**PROMPT**.
Begin with the line containing "1M 2M 3M 5M" and copy every line after it to the end of the entries, exactly, leaving out the lines before it.

**DATA PROVIDED**.

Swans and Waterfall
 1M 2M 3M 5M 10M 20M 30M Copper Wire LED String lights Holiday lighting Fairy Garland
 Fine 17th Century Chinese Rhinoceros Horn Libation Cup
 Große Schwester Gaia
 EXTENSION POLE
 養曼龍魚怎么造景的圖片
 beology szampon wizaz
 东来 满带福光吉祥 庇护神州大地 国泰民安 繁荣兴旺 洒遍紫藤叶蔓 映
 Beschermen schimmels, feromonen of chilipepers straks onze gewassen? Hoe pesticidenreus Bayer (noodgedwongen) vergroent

**WRITTEN RESPONSE**.
 1M 2M 3M 5M 10M 20M 30M Copper Wire LED String lights Holiday lighting Fairy Garland
 Fine 17th Century Chinese Rhinoceros Horn Libation Cup
 Große Schwester Gaia
 EXTENSION POLE
 養曼龍魚怎么造景的圖片
 beology szampon wizaz
 东来 满带福光吉祥 庇护神州大地 国泰民安 繁荣兴旺 洒遍紫藤叶蔓 映
 Beschermen schimmels, feromonen of chilipepers straks onze gewassen? Hoe pesticidenreus Bayer (noodgedwongen) vergroent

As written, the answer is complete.